Sponsored by the College of Letters and Science, and the Departments of Modern Languages, Agricultural Economics & Economics, Sociology & Anthropology, English, and History and Philosophy, this speaker series is designed to facilitate discussion about the growing issue of Mexican and Latino migration to Montana. The College recently added a multi-disciplinary minor in Latin American and Latino Studies to its academic programs for undergraduate students. For more information on the speaker series, email alexander@montana.edu.

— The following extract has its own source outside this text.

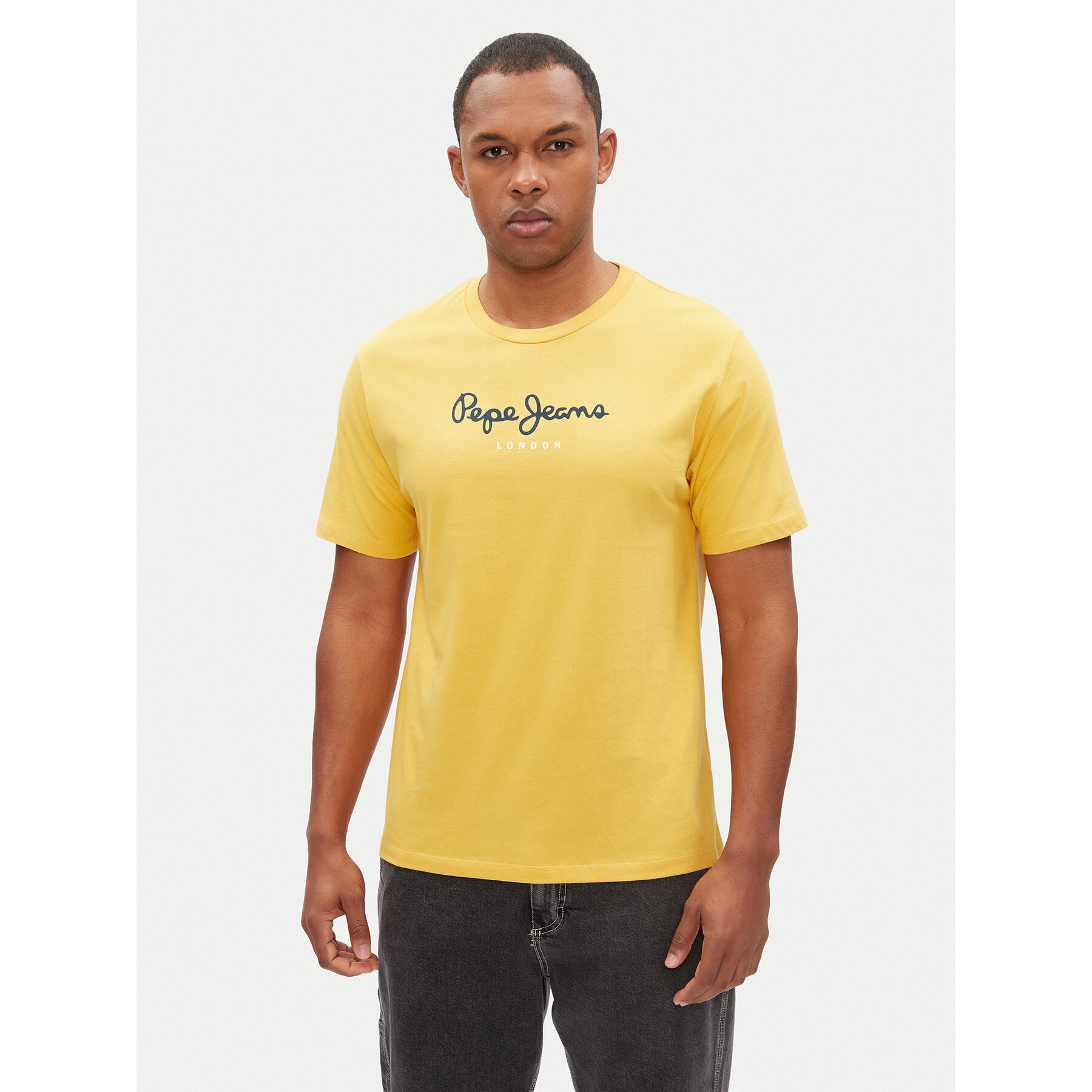 Pepe Jeans T-Shirt Eggo N PM508208 Κίτρινο Regular Fit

Each lecture will be followed by a reception with the speaker.


THURSDAY, SEPTEMBER 27th
7 p.m., Bozeman Public Library
"Border Culture: The Streets of East L.A."
Helena Maria Viramontes, Author and Professor of Creative Writing, Cornell University, Ithaca, NY

Helena Maria Viramontes, a well-known writer and activist, has written extensively on the experiences of Chicano and Chicana farm workers in the U.S. She grew up in East Los Angeles, one of eleven children born to parents who met when they were working as farm laborers, and spent many childhood summers picking fruit in northern California. A professor of English at Cornell University, she has published two novels—Under the Feet of Jesus (1995) and Their Dogs Came With Them (2007)—as well as several collections of short stories. She won the John Dos Passos Prize for Literature in 1995.


THURSDAY, OCTOBER 11th
7 p.m., Bozeman Public Library
"Mex-en-Scene: Chicano Culture in Los Angeles"
Raul Homero Villa, Professor of English, Occidental College, Los Angeles, CA

Raul Homero Villa specializes in Chicano and U.S. literature and popular culture, urban studies, and Southwest/Borderlands literature and culture. His published articles cover such topics and U.S.-Mexico border balladry, intercultural relations in the Southwest, and Chicano barrio fiction and popular culture. He has co-edited and authored several books: Urban Latino Cultures: La vida latina en L.A. (Sage Press, 1999), Barrio-Logos: Space and Place in Urban Chicano Literature and Culture (University of Texas, 2000), and Los Angeles and the Future of Urban Cultures (Johns Hopkins University Press, 2005). He is currently working on a monograph about poet, artist and activist Jose Montoya through the Cesar Chavez Research Center at UCLA.


THURSDAY, NOVEMBER 8th
7 p.m., Bozeman Public Library
"The SocioEconomic Progress of Mexican Americans"
Stephen Trejo, Professor of Labor Economics, University of Texas, Austin, TX

Stephen Trejo is a labor economist whose research focuses on public policy issues, including overtime pay regulation, the labor market experiences of immigrants, and obstacles to the economic progress of minority groups. Trejo is a research fellow at the IZA, the Institute for the Study of Labor in Bonn, Germany, as well as at the Centre for Research and Analysis of Migration in London. He has published prolifically on the economic effects of overtime pay regulation; the impact of labor unions on compensation, employment, and work schedules; immigrant labor market experiences and welfare recipiency; and the relative economic status and intergenerational progress of Mexican Americans in the U.S.


FRIDAY, NOVEMBER 16th
6 p.m., Hagar Auditorium, Museum of the Rockies
"Terrorists, Vigilantes, War, and the Border"
Don Mitchell, Professor of Geography, Syracuse University, Syracuse, NY

A professor at the the Maxwell School of Citizenship and Public Affairs at Syracuse University, Dr. Mitchell is also the director of the People's Geography Project. A cultural geographer, he is the author of The Lie of the Land: Migrant Workers and the California Landscape (1996) which looks at the production of landscape, particularly as it relates to laborers and the working classes. His more recent research looks at contemporary landscapes of migratory labor in California.